Exercise description: Take the line containing "(BED) SMALL WROUGHT" through the last line of the data and retype those lines exactly. Pictures do not belong in the copy.

Records supplied:
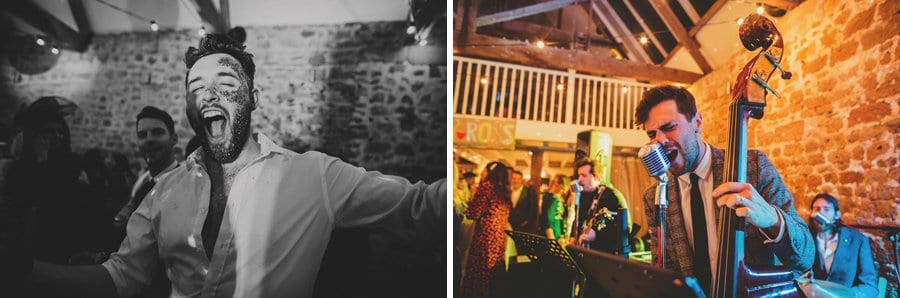 The singer of the wedding band sings into the large steel microphone and a wedding guest shouts at friends on the dance floor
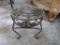 (BED) SMALL WROUGHT IRON FOOTSTOOL; 3 SCROLLING LEGS, PAINTED A LIGHT GREEN , HAS FLORAL DETAIL ON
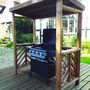 Wooden Garden BBQ Shelter With Trellis Sides, thumbnail 1 of 7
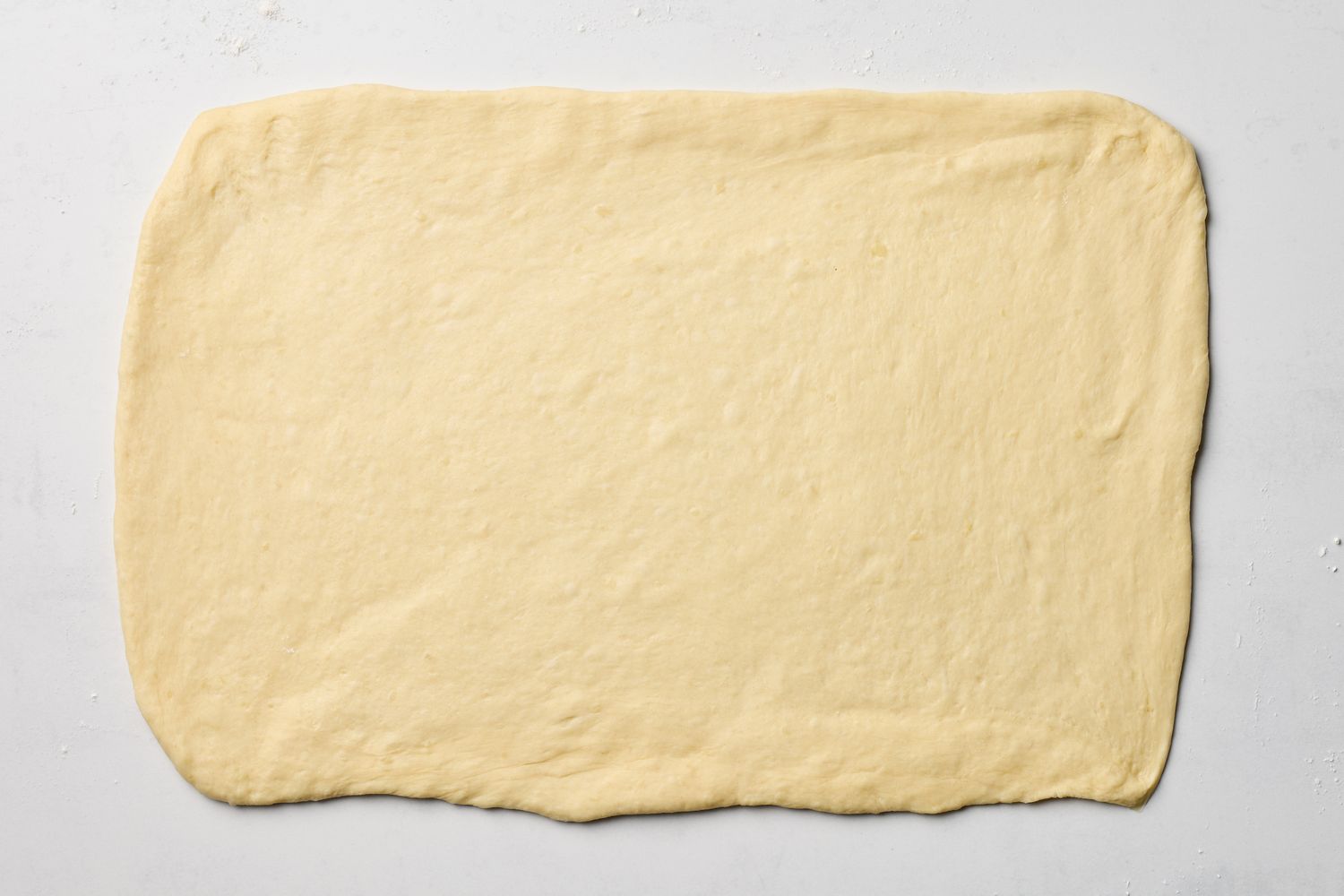 A rolled out sheet of dough on a flat surface ready for preparation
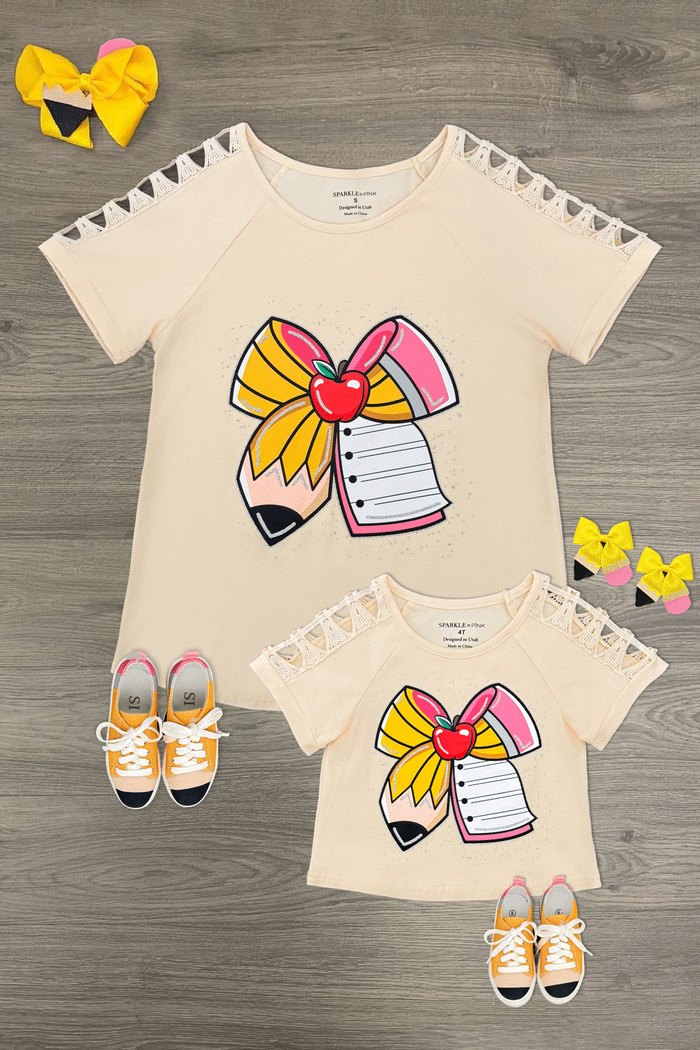 Mom & Me - Glitter Pencil & Paper Bow Top - CHILD-3T - Cream short-sleeve tops with glitter pencil and paper bow embroidery, matching yellow bows and toddler shoes.
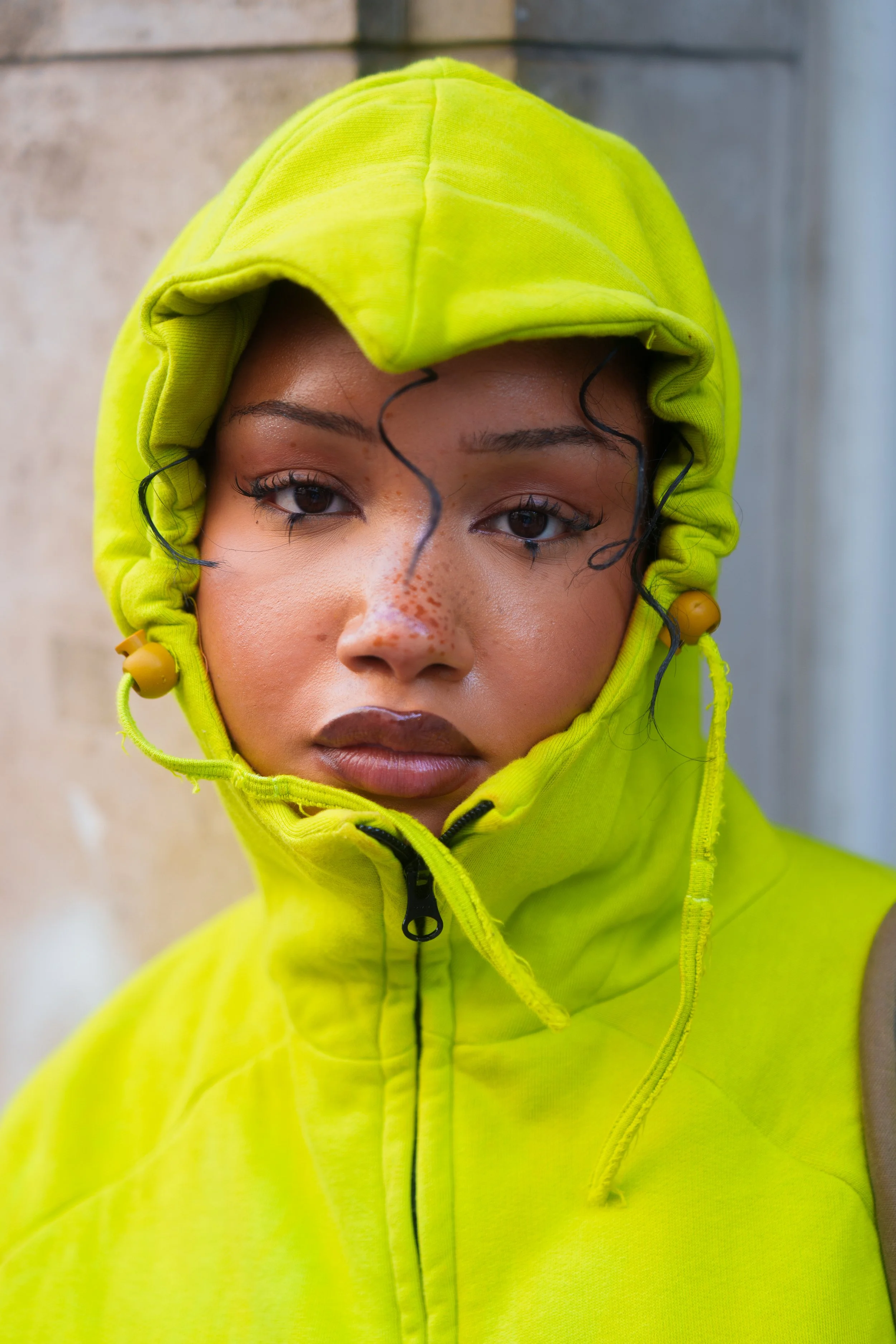 A young woman with curly black hair and freckles, wearing a bright yellow hoodie with the hood over her head, standing outdoors near a concrete wall.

Written answer:
 (BED) SMALL WROUGHT IRON FOOTSTOOL; 3 SCROLLING LEGS, PAINTED A LIGHT GREEN , HAS FLORAL DETAIL ON
 Wooden Garden BBQ Shelter With Trellis Sides, thumbnail 1 of 7
 A rolled out sheet of dough on a flat surface ready for preparation
 Mom & Me - Glitter Pencil & Paper Bow Top - CHILD-3T - Cream short-sleeve tops with glitter pencil and paper bow embroidery, matching yellow bows and toddler shoes.
 A young woman with curly black hair and freckles, wearing a bright yellow hoodie with the hood over her head, standing outdoors near a concrete wall.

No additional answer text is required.